A referendum allows citizens to set aside an ordinance enacted by Council, and Council can decide whether to accept the will of the people or put it to vote to try to enact the ordinance, which they did in Measure D. An initiative allows citizens to basically enact their own ordinance, so if it's too late to do a referendum, you could just do an initiative instead.
I do not know the best thing to do, you and your neighbors know your neighborhood, and have a good understanding of what would hurt the character of the neighborhood and cause a huge disruption in the quality of your lives. If that's what's really happening here, you are the ones to judge, and you do have recourse.
Is the project really within zoning and meeting all the land use requirements? What recourse do you have with a development that is out of scale with the neighborhood or inconsistent with the comprehensive plan, or otherwise changes the character of your neighborhood?
I don't know what your recourse is, I'm only guessing. But neither did anyone at Maybell.
What Maybell neighbors did was realize the development was too big for the neighborhood and would almost certainly lead to further densification of that corridor, so (after it was obvious no one planning it was listening) they decided to seek information from a good land use attorney, as well as other experts like a traffic engineer. Sadly, they didn't realize what was going on with that enormous hotel next to Hobee's first or that would probably have been referended instead.
You may have to go through the City appeals process anyway in order to get all of your concerns on record in the event of further legal action. The only way to know the best way to go is to consult with a good land use attorney.
Neighbors at Maybell shared their concerns with each other early on and pooled money to hire a land use attorney. Attorneys are not going to want to be hired by a large group of people, in other words, you'll have to have a few people who hire the attorney and enter into the legal relationship. The best neighbors to do this are those who already know how to work with attorneys to be very efficient with their time. It helps if everyone is willing to donate, but if you're really serious, it also helps if there are a few neighbors willing to make a larger commitment up front.
Another thing the neighbors at Maybell did was immediately reach out to people like Bob Moss with long institutional memories, and ask what could be done. They also simply asked City Council, former mayors, the then head of planning, etc., about what the process was. They didn't get a complete answer from them, but all information was good. But no one in the City is going to do anything that reverses any overdevelopment even if it is changing your neighborhood as the planning commission seems to have admitted here. You will have to take matters into your own hands like the neighbors did at Maybell.

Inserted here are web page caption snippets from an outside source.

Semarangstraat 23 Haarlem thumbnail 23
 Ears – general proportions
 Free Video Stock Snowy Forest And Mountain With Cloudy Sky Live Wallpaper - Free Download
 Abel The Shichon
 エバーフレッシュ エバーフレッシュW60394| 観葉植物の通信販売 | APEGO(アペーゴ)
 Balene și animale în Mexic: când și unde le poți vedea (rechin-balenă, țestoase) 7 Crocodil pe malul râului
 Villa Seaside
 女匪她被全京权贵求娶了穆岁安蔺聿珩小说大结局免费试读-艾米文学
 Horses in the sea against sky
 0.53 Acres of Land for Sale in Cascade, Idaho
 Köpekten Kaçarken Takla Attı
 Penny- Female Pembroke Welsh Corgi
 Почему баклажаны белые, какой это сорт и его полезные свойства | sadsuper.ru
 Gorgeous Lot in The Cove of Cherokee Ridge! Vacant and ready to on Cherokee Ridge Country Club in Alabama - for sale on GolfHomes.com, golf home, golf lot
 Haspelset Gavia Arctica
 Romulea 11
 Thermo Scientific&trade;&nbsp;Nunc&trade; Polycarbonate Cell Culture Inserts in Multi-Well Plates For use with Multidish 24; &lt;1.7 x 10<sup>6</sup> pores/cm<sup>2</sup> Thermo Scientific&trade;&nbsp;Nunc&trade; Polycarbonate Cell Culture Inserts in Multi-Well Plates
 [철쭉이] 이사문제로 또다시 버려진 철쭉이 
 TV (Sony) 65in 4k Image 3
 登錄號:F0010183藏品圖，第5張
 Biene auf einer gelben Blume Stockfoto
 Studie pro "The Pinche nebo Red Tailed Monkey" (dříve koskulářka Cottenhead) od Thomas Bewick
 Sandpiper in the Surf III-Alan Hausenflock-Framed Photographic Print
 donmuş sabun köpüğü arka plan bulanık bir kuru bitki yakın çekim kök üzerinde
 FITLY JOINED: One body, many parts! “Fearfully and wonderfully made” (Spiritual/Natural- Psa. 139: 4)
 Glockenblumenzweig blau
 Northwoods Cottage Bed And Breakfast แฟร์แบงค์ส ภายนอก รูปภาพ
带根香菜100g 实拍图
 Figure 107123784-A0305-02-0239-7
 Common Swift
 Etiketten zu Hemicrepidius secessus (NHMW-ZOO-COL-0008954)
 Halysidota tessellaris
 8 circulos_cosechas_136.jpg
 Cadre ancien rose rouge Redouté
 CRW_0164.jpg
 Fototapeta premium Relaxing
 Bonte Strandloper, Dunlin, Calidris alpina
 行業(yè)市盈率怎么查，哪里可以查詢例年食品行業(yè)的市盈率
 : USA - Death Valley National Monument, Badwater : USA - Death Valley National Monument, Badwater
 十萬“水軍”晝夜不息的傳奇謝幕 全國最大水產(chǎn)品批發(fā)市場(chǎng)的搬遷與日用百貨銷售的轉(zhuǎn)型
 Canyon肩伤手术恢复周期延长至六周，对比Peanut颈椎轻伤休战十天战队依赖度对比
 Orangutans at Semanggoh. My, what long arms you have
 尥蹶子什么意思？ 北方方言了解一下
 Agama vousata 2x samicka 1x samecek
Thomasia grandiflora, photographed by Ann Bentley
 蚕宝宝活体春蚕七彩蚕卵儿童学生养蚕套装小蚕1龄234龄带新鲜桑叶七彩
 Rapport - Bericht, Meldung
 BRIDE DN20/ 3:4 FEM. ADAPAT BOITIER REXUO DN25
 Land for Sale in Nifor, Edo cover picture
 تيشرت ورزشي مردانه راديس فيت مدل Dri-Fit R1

However, if you do that, it's a good time for it, as all of these issues are coming to a head right now with the upcoming election. You don't have time to get an initiative on the ballot for this election, but if you start collecting signatures soon, you can certainly get the matter put before the Council and see if they adopt the initiative to reduce the zoning back to what it was (or something your neighbors deem acceptable), or if they put it to an expensive vote. You would have a lot of leverage since Scharff and Shepherd are seeking re-election. You may even be able to get help and advice from PASZ people because a larger development initiative at this time would keep these issues on the front burner through the election. It's also probably the greatest time ever to collect your signatures, I'm guessing if you got together a good, well-supported initiative and had it well vetted by a land use attorney and government law firm, you could get your signatures in a matter of days with all the networks of citizens now around these issues.